Recently, the Cupertino giant Apple has been fined over its controversial software update that slowed down iPhone 6, iPhone 7, and iPhone SE devices. Notably, France’s Directorate-General for Competition, Consumption, and the Suppression of Fraud (DGCCRF) fined the tech giant with €25 million.
DGCCRF in a press release said:
“Seized on January 5, 2018, by the Paris Prosecutor’s Office to investigate the complaint of an association against Apple, the DGCCRF has indeed shown that iPhone owners had not been informed that the updates of the iOS operating system (10.2.1 and 11.2) they installed were likely to slow down the operation of their device,”
Additionally, Apple will also have to display a press release on its website for one month. This controversy first emerged back in 2017 when the user found out that the latest version of an iOS software update (10.2.1 and 11.2) was throttling the performance of older iPhones. However, Apple admitted that the feature was designed to prevent unexpected shut down as batteries in the iPhone degrade over time.

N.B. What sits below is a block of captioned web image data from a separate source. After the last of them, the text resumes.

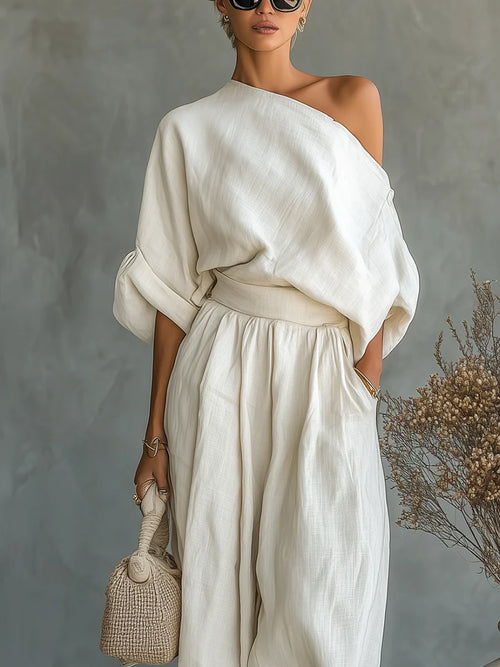 Woman wearing an off-white off-shoulder two-piece outfit, close-up front view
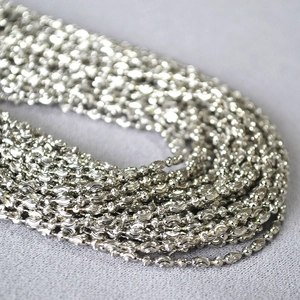 Macro shot of silver textured olive-shaped beads on a luxury minimalist necklace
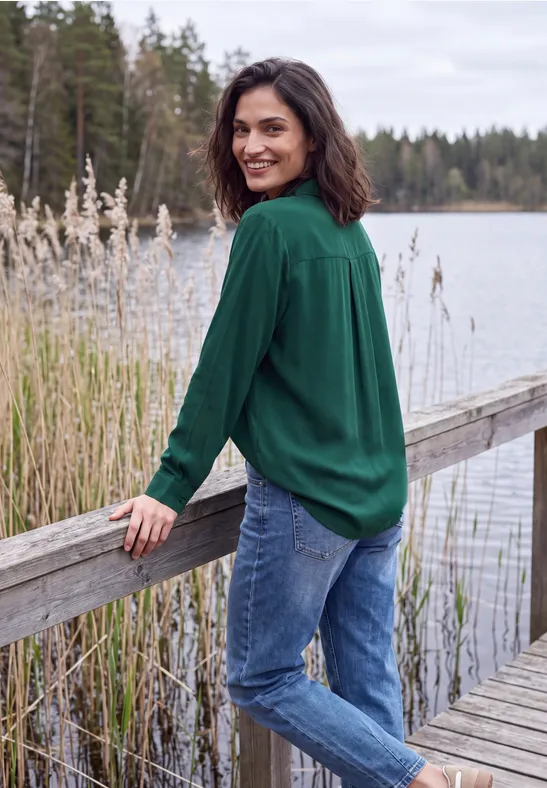 Frau im grünen Hemd lehnt lächelnd am Holzsteg an einem See, umgeben von Schilf und Wald im Hintergrund.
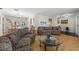 Open living area featuring hardwood floors, with dining and pool views for seamless entertaining at 1508 Eden Isle Ne Blvd, St Petersburg, FL 33704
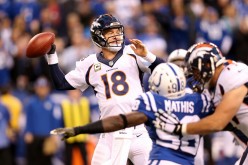 Denver Broncos quarterback Peyton Manning (#18) throws against the Indianapolis Colts.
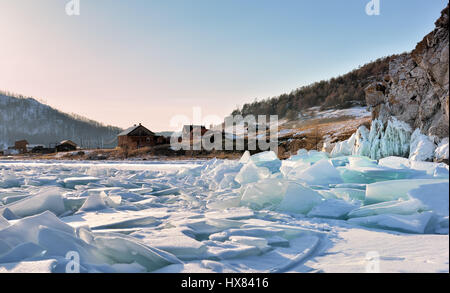 Ice hummocks on Lake Baikal near a small village. Evening in early March. Olkhon Island. Irkutsk region. Russia Stock Photo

“These updates, released during 2017, included a dynamic power management device which, under certain conditions and especially when the batteries were old, could slow down the functioning of the iPhone 6, SE, and 7 models. Unable to revert to the previous version of the operating system, many consumers would have been forced to change their batteries or even buy a new phone.”
The DGCCRF reports that it filed its findings with the Paris Public Prosecutor’s office in 2019. As per the conclusion the lack of information to consumers constituted a misleading commercial practice by omission.
While it is technically fine, the company failed to inform users about capping performances on some devices. Later, the company apologised and introduced ‘Battery Health’ software to check the capacity of the device’s battery. Also, the company reduced the battery replacement cost to just $29 (approx €27) for the whole of 2018, down from $79 (approx €72).
It’s worth mentioning that Apple accepted to pay €25 million fine and has published a statement on its official website.